八田銅像の頭部切断事件の容疑者が出頭した日から一夜明け、容疑者の供述内容が台湾メディアで報道されている。また、犯行に使われたノコギリも容疑者の友人宅から押収された。

台南市警察はノコギリの刃に付着した成分と八田銅像を照合するなど、証拠を固め次第、李承龍と邱晉芛の容疑者二人を逮捕する方針。

昨日、両容疑者は台北市内の警察署に出頭、午後に台南市警察に移送され3時間にわたる取り調べを受けた。午後8時過ぎに両容疑者は一時釈放され、新幹線で台北に戻されたが、みだりに居住場所を変更出来ないなどの制限を受けている。

供述のなかで両容疑者は、手動のノコギリを使って八田銅像の首を切断したことを認めているが、頭部については「持ち去っていない」と述べているという。

嘉南水利会や烏山頭ダム風景区管理所はこの供述内容を受けて本日午前に20人を動員して八田技師の墓所やその周辺を3時間にわたり捜索したが発見には至らず、午後もまた引き続き捜索を続ける。

犯行の経緯について両容疑者は、14日夜に烏山頭水庫飯店にチェックイン。16日午前2時半ごろ八田銅像のところへ行き、邱晉芛容疑者が明かりをつけながら、李容疑者が頭部切断に及んだ。頭部切断には2時間かかり、午前5時近くになって付近で運動する人も出てきたため、事が露見するのを恐れた両容疑者は午前6時に急遽チェックアウトして車で北部へ向かったという。また、その途中に邱容疑者がノコギリを台東に住む友人宅へ宅急便で送ったが、このノコギリは昨夜警察に押収されている。
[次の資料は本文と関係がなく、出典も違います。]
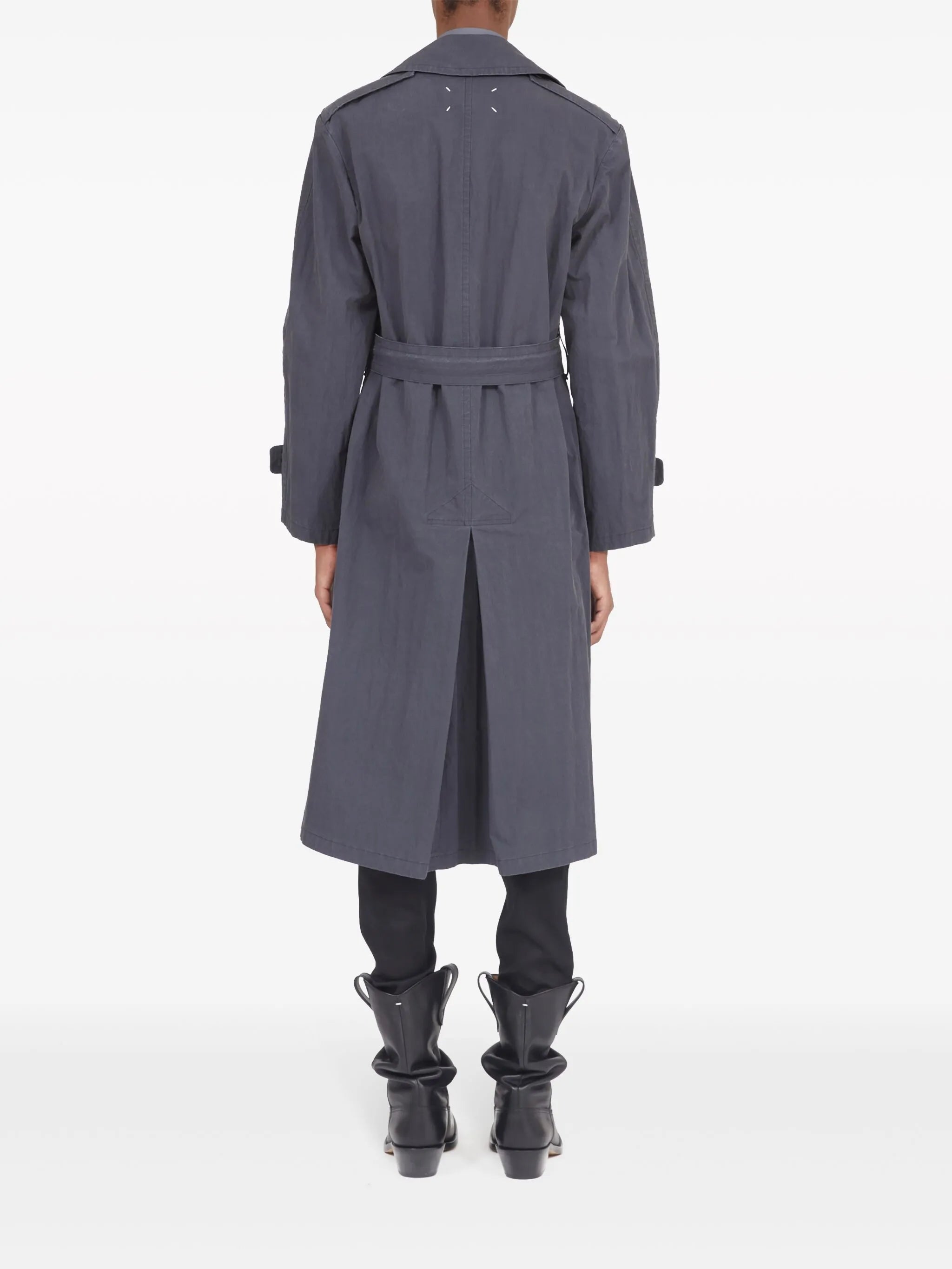 double-breasted trench coat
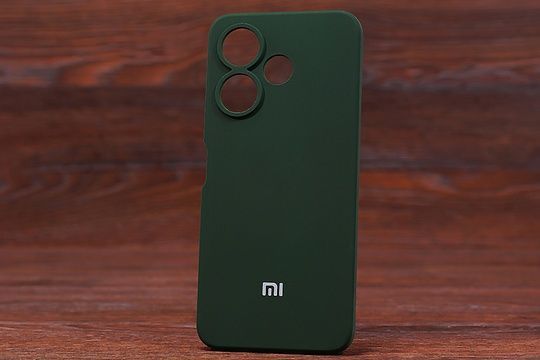 Silicone Full Case Xiaom Poco X4Pro 5G Dark green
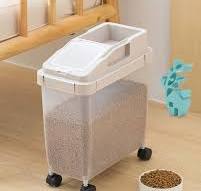 Baffect Dog Food Storage Container, Airtight Pet Food Storage Container for  Dogs Cats with Measuring Cup and Rolling Wheel for Dog Cat Bird and Other  ...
警察の調べによると、15日午後に八田銅像を訪れた観光客や水利会職員の証言から、この時にはまだ八田銅像の頭部は切断されておらず、両容疑者との証言とも符合するが、両容疑者ともに「頭部は持ち去っていない。写真を撮ったあとに首の上に置いてきた」との供述を続けており、警察は今後、頭部の発見に全力を挙げる。